What does a national investment bank do with its profits?
Investments of this kind can be enormously profitable. Also, unlike a private bank where profits would go towards executive bonuses or corporate holdings, a national investment bank’s profits are returned to the state, and can fund increases in conventional public spending.
Another difference from a private investment bank is the fact that a national investment bank does not focus solely on profit, but on social goals, such as reducing employment or improving infrastructure.
What might a national investment bank do for Scotland?
In October 2016, the think tanks Common Weal and the New Economics Foundation jointly published a policy paper – ‘Blueprint for a Scottish National Investment Bank’ – which estimated that a Snib could directly support the creation of 50,000 jobs “within just a few years of being established”.

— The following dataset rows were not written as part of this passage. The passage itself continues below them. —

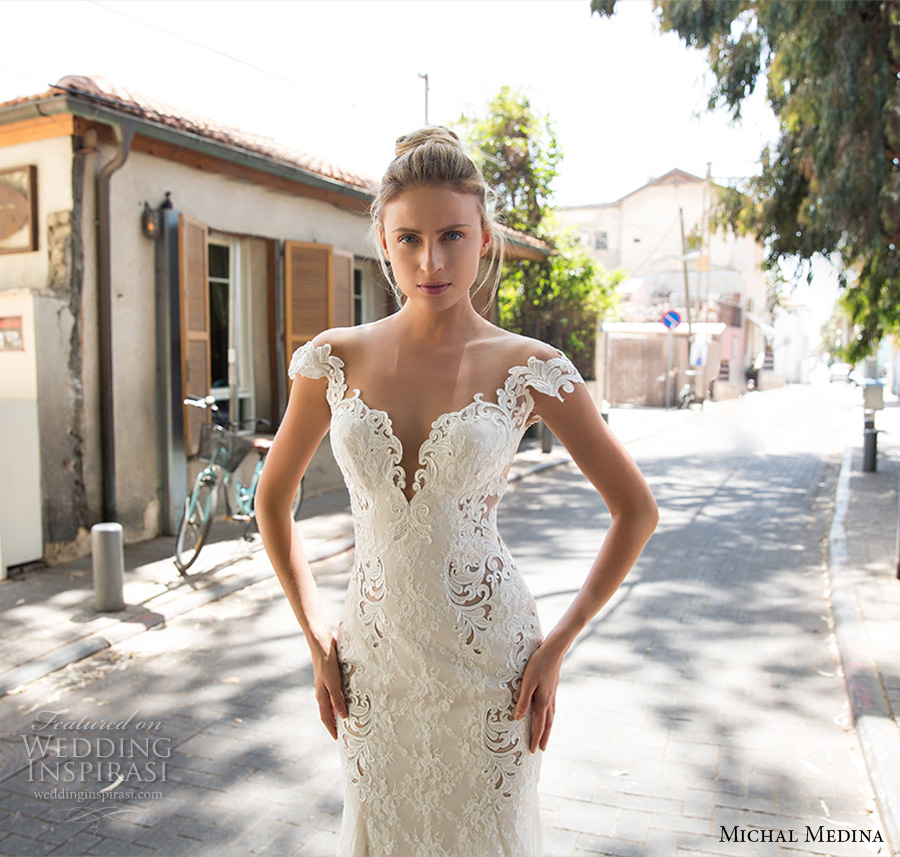 michal medina 2017 bridal off the shoulder cap sleeves deep plunging sweetheart neckline full embellishment elegant sheath fit flare wedding dress open low back chapel train (julianne) zv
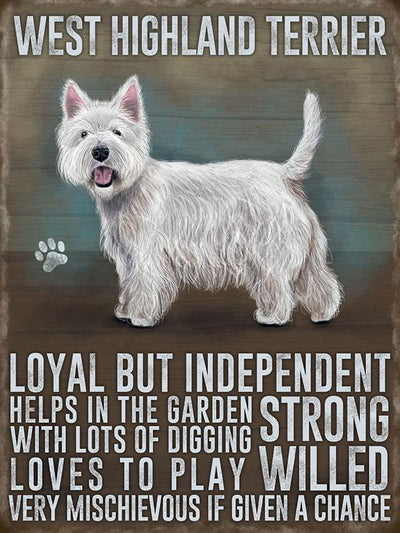 West Highland Terrier Metal Sign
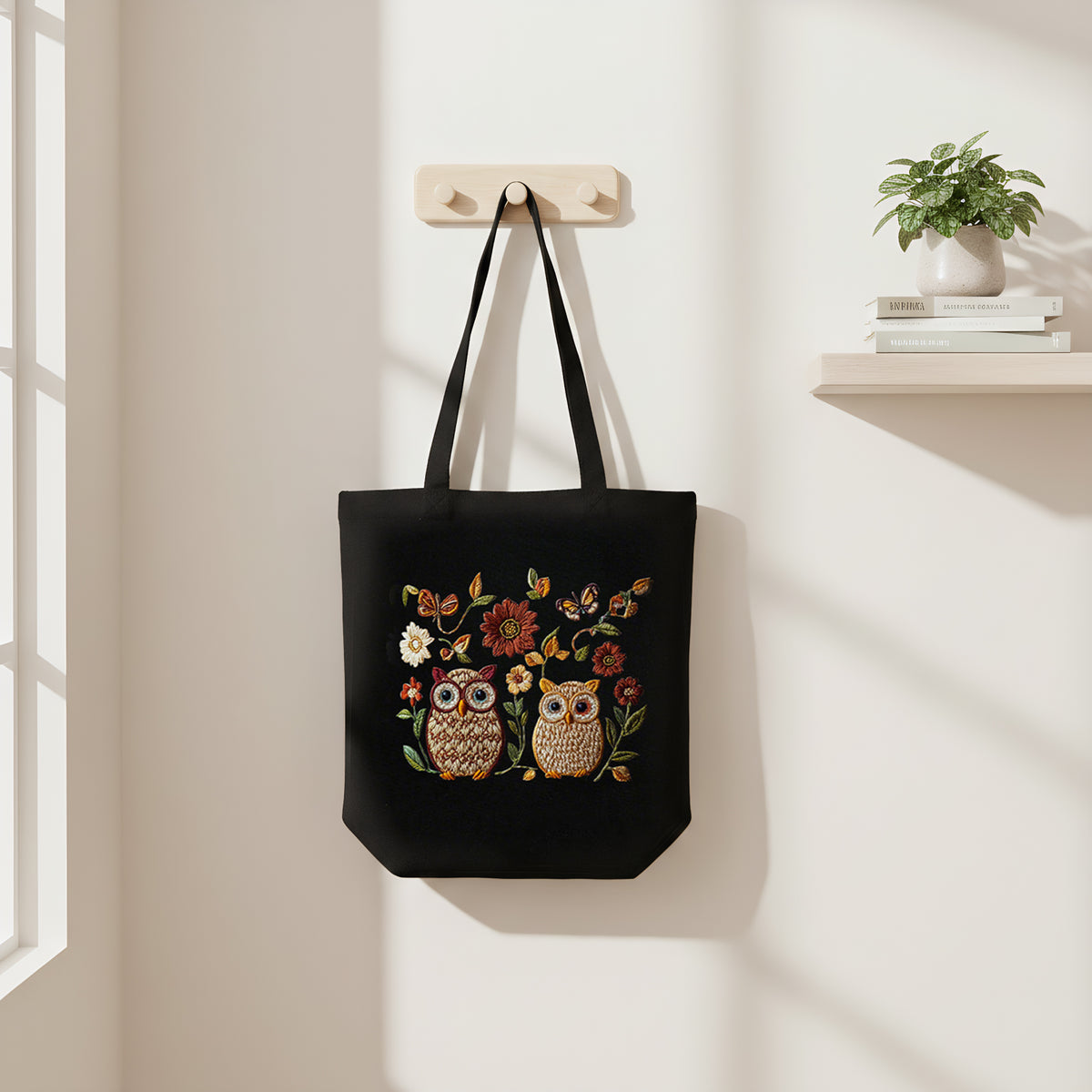 Two Owls - DIY Embroidery Cross Stitch Kit with Pattern Cotton Threads Needles Hoop 32×37CM/12.60×14.57in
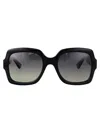 Gucci Women's Oversized Rectangle Sunglasses In 黑色的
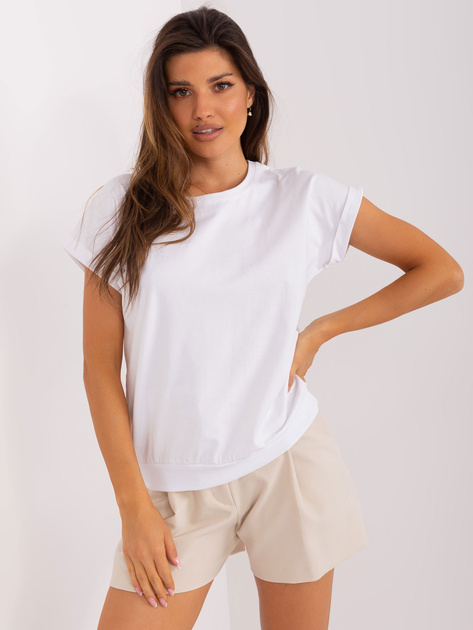 Hurtownia Biała damska bluzka bawełniana na co dzień
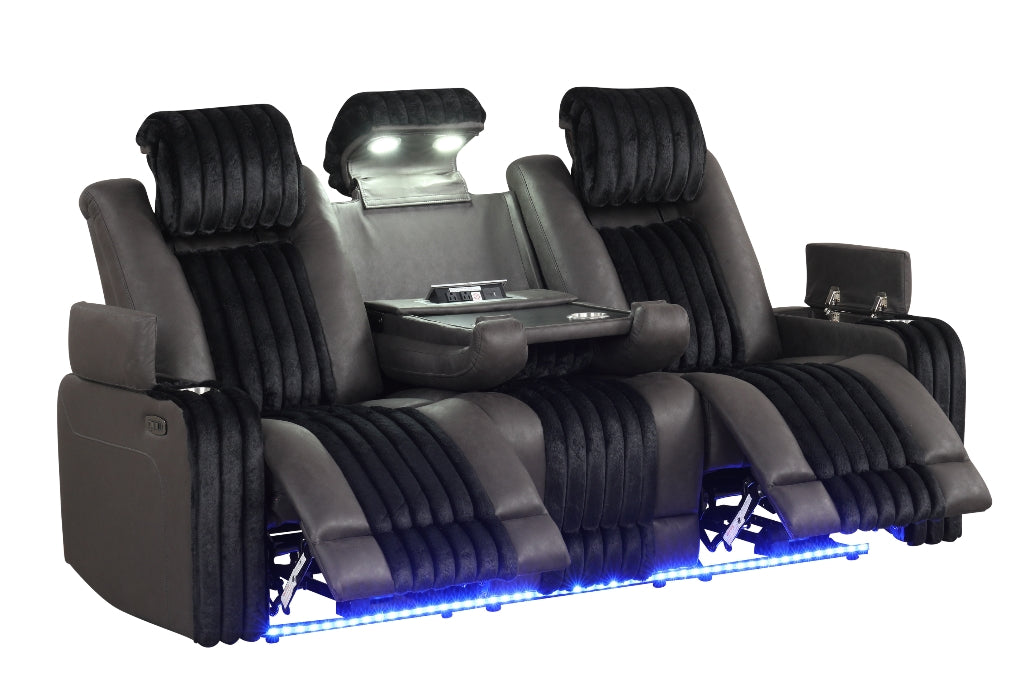 Lita Black POWER RECLINER/ HEADREST/LED 3pc Living Room Set S4225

Regarding public investment, the report also concluded that, if projects funded by the controversial Private Finance Initiative (PFI) and Non-Profit Dividend (NDP) schemes – remember the PFI-style Scottish schools which had to be closed because of fears they might fall down? – had instead been funded by Snib investment, the Scottish Government could have saved £26bn.
What are people saying about the Snib so far?

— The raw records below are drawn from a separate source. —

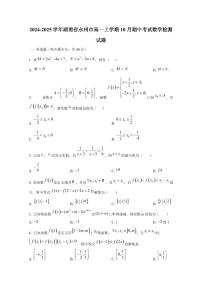 2024-2025学年湖南省永州市高一上学期10月期中考试数学检测试题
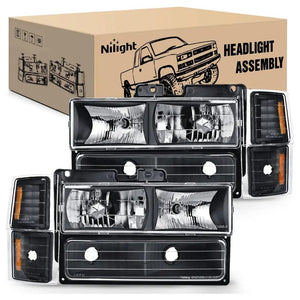 1994 1995 1996 1997 1998 Chevy Silverado Tahoe Suburban C10 C/K 1500 2500 3500 Headlight Assembly Black Case Amber Reflector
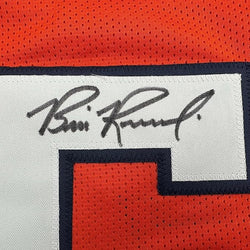 Framed Autographed/Signed Bill Romanowski 35x39 Denver Orange Football Jersey Beckett BAS COA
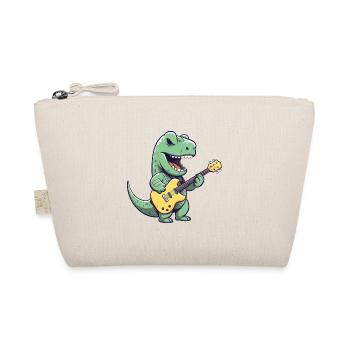 Trex Dinosaur with Electric Guitar - Organic Pouch - nature - Front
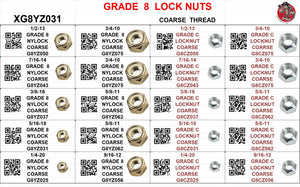 DRAWER GRADE 8 COARSE THREAD NYLOCKS AND CRUSHNUTS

Economists Lord Adair Turner and Professor Mariana Mazzucato said recently that a Snib could help make Scotland more environmentally friendly through large-scale investment in a low-carbon economy.

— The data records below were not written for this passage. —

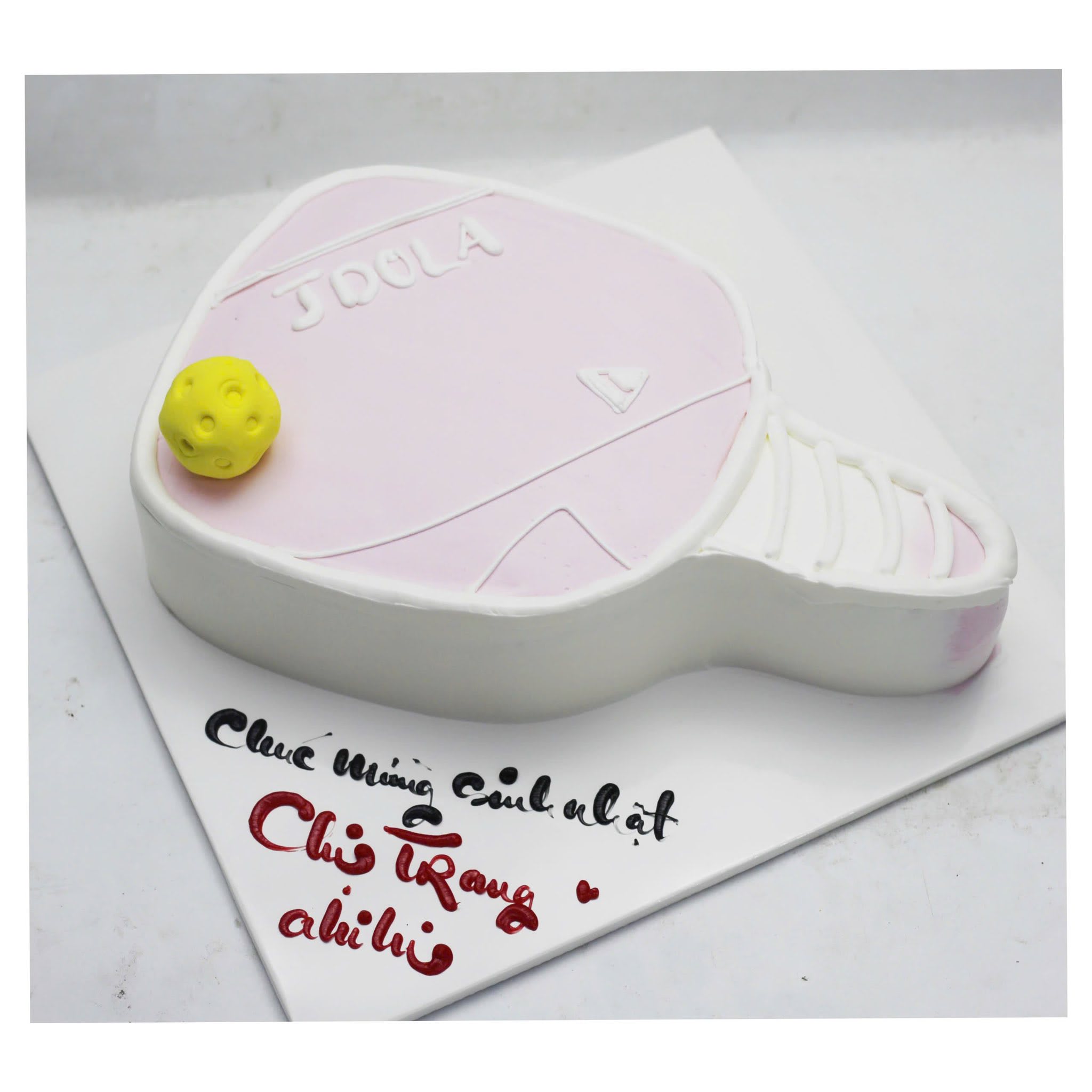Bánh kem tạo hình vợt Pickleball Joola hồng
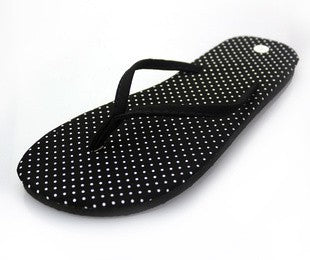 Women Sexy Flip Flop Sandalen Sandaletten Flipflop Schwarz gepunktet Weiss / Grösse 38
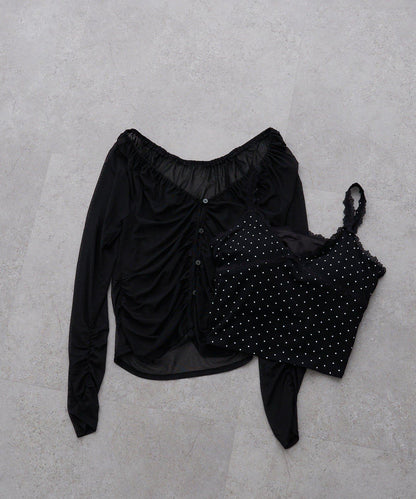 透視開衫與內衣吊帶套裝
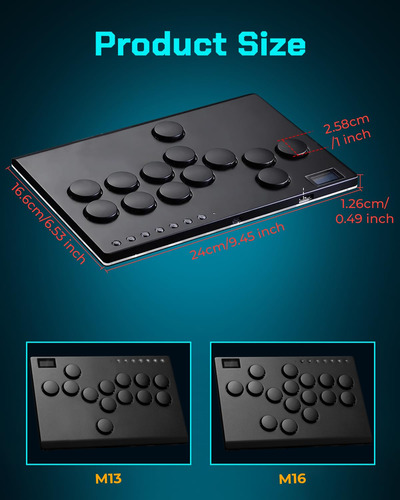 Arcade Stick All Metal Controlador Con Rgb Y Turbo Funciones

Mazzucato said: “I welcome strongly the decision to establish a Scottish national investment bank. It shows that the Scottish Government is looking seriously at ways to increase flows of investment and to direct them to support key public policies like reducing greenhouse gas emissions, increasing productivity and building an inclusive economy.
The Scottish Green Party also advocates the creation of a National Investment Bank, which its manifesto argues should be used “to invest in activities benefiting all of Scotland’s communities while respecting ecological limits”.
However, plans for a Snib have also faced criticism. Scottish Labour economy spokesperson Jackie Baillie highlighted the similarity between the plans of Nicola Sturgeon and Jeremy Corbyn’s proposal for a UK-wide national investment bank, saying: “While imitation is the sincerest form of flattery, the SNP appear to have only sketched this out on the back of a fag packet.”
Meanwhile, the Scottish Conservatives economy spokesperson, Dean Lockhart, claimed that the announcement of an Snib was “a re-hash of a policy first announced several years ago, and then repeated again when they launched the Scottish Growth Scheme last year.”
George Kerevan, the journalist, economist and former SNP MP, meanwhile questioned the suitability of Tesco Bank boss Benny Higgins, who has been charged by the Scottish Government with establishing the Snib’s remit.
Writing in the National, Kerevan pointed out that Higgins does not come from an investment banking background: “Investment banking is an entirely different universe from retail lending.
“My concern is that Benny Higgins will propose a model of an investment bank that is too risk-averse. I’m also worried it will be run by traditional commercial hands who are afraid to lean against market trends.”
OK, so what does all this actually mean? How will it impact my life?
Well, at this stage, there are very few certainties. The Snib is an idea with enormous potential, but it will depend on how the Scottish Government decides to implement it.
However, should a national investment bank deliver the kind of economic benefits the SNP hopes it will, it could result in increased spending on public services like education and the NHS, or potentially it could fund massive new infrastructure projects, which could boost employment on a national scale and improve the fabric of the country.
So, as you can see, a Scottish national investment bank is quite a big deal. Supporters believe it could be transformational for Scotland, and that it’s just a better way to do things.
Well done for making it to the end. We told you it wouldn’t be too painful.